Collected material |
____________
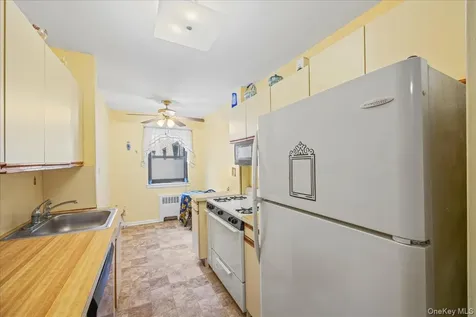 51 White Oak Street New Rochelle NY 10801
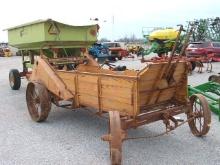 MM MANURE SPREADER ON STEEL LS300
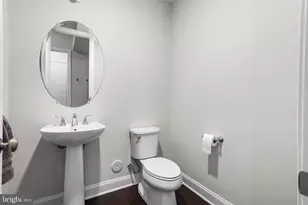 38 Hamilton Dr, Cranbury Township, NJ 08512 - Photo 16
____________
Once the pictures are dropped, repeat the data above exactly.

Answer section |
 51 White Oak Street New Rochelle NY 10801
 MM MANURE SPREADER ON STEEL LS300
 38 Hamilton Dr, Cranbury Township, NJ 08512 - Photo 16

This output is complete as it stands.